Entre incertitudes et inquiétudes, les élus et les pêcheurs présents ont témoigné de leur opposition aux champs éoliens en mer et dénoncé l’absence d’écoute et de débat démocratique sur le sujet. Mais une question n’a pas été posée lors de cette conférence, trop courte pour engager un débat : Que faire quand les décisions sont prises, validées et mises en œuvre contre la volonté des élus et des pêcheurs ? Si certains champs éoliens peuvent être remis en cause ou déplacés face aux oppositions, la machine est lancée [2]. Un ancien pêcheur et industriel, Michel Adrien suggère aux pêcheurs d’engager une grande négociation historique pour définir les conditions du partage de la mer [3] Il faut organiser la cohabitation entre la pêche et les champs déjà réalisés ou programmés, donner des garanties aux pêcheurs. Faut-il accepter les compensations proposées et rejetées par principe par certaines organisations de pêcheurs ? En cas d’absence d’éolien comment parvenir à la neutralité carbone ? Faut-il compter sur le nucléaire seul ? Celui-ci n’a pas laissé que de bons souvenirs aux pêcheurs qui voient aussi les impacts sur les eaux côtières. Comment les pêcheurs peuvent-ils pérenniser leur activité alors qu’on ne dispose pas encore d’alternative non carbonée ? Seront-ils soumis à la fois à la taxe carbone sur le carburant et à la perte de leurs zones de pêche, pénalisés deux fois pour leur empreinte carbone ? Seront-ils les premiers bénéficiaires de l’énergie éolienne marine ?
Par ailleurs, l’unanimité présentée par les organisations présentes résistera-t-elle aux divergences profondes entre les diverses pratiques ? Les Hollandais avec leurs chaluts à perche et la pêche électrique ne sont guère d’accord avec les fileyeurs ou chalutiers des Hauts de France qui les jugent responsables de l’effondrement de leurs ressources côtières. Les chalutiers de Méditerranée ne sont guère appréciés par les artisans espagnols de Méditerranée.
Pourtant cette conférence a manifesté la nécessité de créer, du niveau local au niveau européen et au-delà, des instances démocratiques qui font cruellement défaut ou, lorsqu’elles existent, comme avec les parcs marins français, ne sont pas respectées et menacées.
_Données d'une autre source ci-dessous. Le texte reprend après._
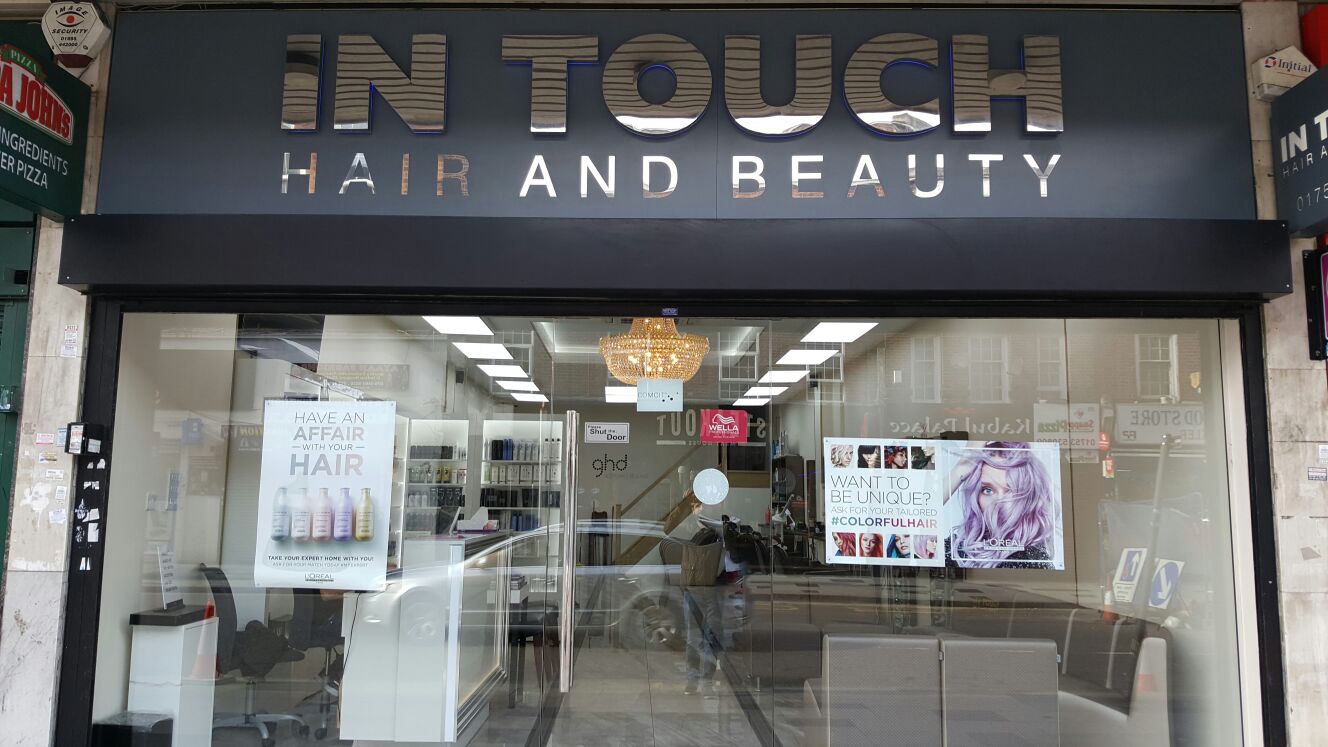 In Touch Hair & Beauty Saloon – Salon Profesional untuk Potong Rambut, Gaya & Rawatan Kecantikan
Deux heures de rencontre dans la ruche parlementaire européenne, c’est peu de chose, mais indispensable surtout si cela a permis aux quelques parlementaires présents de prendre la mesure de la distance entre les décisions européennes et les réalités vécues par les pêcheurs et les citoyens de nos côtes, ce peut être un point de départ pour une véritable instance démocratique apte à gérer les espaces marins et à répondre aux enjeux majeurs de la colonisation en cours de la frontière maritime. Faute de cela, les pêcheurs risquent d’être de plus en plus cantonnés dans des réserves, plus que les poissons.
Souhaitons que cette initiative de parlementaires à l’écoute des pêcheurs marque le début de la construction de cet espace démocratique que les pêcheurs attendent.

Alain Le Sann
Mai 2023

[1Voir le film scientifique Un silence bleu, 22 mn https://youtu.be/_hhbafgRycg

[2Voir le film de Mathilde Jounot, Océans 3, la voix des invisible : une drôle de guerre

[3Michel Adrien, Les marins pêcheurs face aux éoliennes en mer. Éd L’Etrave, 2022, 130 p.